Bei der Befeldung mit hochfrequenten elektromagnetischen Feldern wurden in vitro Effekte bei solchen Werten der Spezifischen Absorptionsrate (SAR) beobachtet, die während eines Handytelefonats unter schlechten Bedingungen oder beim Verbindungsaufbau im Kopf des Mobilfunknutzers durchaus auftreten können, allerdings um mehrere Größenordnungen oberhalb der Exposition durch Mobilfunkbasisstationen liegen. In diesem Sinne decken die vom BfS empfohlenen Vorsorgemaßnahmen, strahlungsarme Handys zu benutzen und Leistungsspitzen der Handys durch einfache Verhaltensmaßnahmen zu vermeiden, den in vitro beobachteten möglichen Wirkbereich ab.

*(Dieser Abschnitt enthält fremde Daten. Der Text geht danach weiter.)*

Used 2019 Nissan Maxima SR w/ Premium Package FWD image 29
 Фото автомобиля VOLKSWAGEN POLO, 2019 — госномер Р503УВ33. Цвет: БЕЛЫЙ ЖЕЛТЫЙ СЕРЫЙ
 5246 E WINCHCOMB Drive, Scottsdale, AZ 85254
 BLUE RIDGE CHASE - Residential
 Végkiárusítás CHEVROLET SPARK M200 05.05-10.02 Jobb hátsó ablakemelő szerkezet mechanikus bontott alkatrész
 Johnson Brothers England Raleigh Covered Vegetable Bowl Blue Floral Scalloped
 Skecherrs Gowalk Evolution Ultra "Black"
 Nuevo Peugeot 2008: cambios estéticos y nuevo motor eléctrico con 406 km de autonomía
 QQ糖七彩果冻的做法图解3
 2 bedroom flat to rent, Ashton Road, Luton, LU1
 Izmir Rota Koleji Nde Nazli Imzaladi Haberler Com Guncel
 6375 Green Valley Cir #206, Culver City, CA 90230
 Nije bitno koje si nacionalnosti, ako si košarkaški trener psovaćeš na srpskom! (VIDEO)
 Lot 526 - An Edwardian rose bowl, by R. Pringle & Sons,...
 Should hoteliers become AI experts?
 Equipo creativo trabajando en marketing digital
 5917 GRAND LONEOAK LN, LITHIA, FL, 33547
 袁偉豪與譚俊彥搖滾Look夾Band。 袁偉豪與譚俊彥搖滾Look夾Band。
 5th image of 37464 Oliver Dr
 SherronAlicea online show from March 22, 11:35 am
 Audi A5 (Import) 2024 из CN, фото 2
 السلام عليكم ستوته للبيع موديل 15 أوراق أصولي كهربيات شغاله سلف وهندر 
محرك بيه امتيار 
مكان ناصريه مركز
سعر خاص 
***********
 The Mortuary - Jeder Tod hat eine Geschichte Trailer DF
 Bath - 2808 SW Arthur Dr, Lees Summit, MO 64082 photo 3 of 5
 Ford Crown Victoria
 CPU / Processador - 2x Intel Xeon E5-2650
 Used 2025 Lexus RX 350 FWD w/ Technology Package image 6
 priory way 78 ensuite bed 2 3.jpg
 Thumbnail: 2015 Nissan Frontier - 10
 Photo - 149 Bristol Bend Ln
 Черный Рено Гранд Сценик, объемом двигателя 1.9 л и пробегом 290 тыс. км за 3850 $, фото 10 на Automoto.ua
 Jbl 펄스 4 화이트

Im Hochfrequenz-(HF)-Bereich ist es zudem notwendig, die Ergebnisse im Zusammenhang mit den übrigen internationalen wissenschaftlichen Veröffentlichungen auf diesem Gebiet zu sehen. Mehrere nationale und internationale Expertengremien konnten auf der Basis von wissenschaftlichen Publikationen keine gesundheitsrelevanten Wirkungen von hochfrequenten elektromagnetischen Feldern unterhalb der Grenzwerte nachweisen. In einem Review zum genschädigenden Potenzial von Hochfrequenz-Feldern (Vijayalaxmi und Obe, 2004) wurden 53 wissenschaftliche Publikationen aus den Jahren 1990 - 2003 kritisch analysiert und bewertet. Mehrheitlich wurden keine genschädigenden Wirkungen festgestellt. Es wurden gleichzeitig mögliche Hinweise auf genschädigende Wirkungen beschrieben, die jedoch in Wiederholungsstudien zum Teil von denselben Forschergruppen nicht reproduziert werden konnten. Aktuelle Ergebnisse  z. B. aus dem ebenfalls innerhalb des 5. EU-Rahmenprogramms durchgeführten Forschungsverbund PERFORM-B stützen nicht die Hypothese, dass Mobilfunkfelder genschädigend wirken. In zwei im Rahmen des Deutschen Mobilfunkprogramms initiierten Studien werden zur Zeit umfassend auf DNA- und Chromosomen-schädigende Wirkungen (DNA-Strangbrüche, Mikrokerne, Schwesterchromatidaustausche, Fehlverteilung von Chromosomen) hochfrequenter elektromagnetischer Felder des Mobilfunks a) in menschlichen Lymphozyten und b) in menschlichen Fibroblasten untersucht.

Auch in anderen nationalen wie internationalen Forschungsprogrammen werden mögliche Wirkungen von Mobilfunkfeldern untersucht. Die WHO plant, auf der Basis der neuen und z. T. noch zu erwartenden Ergebnisse eine Neubewertung des gesundheitlichen Risikos durch Hochfrequenz-Felder vorwiegend aufgrund neuer Telekommunikationstechnologien durchzuführen.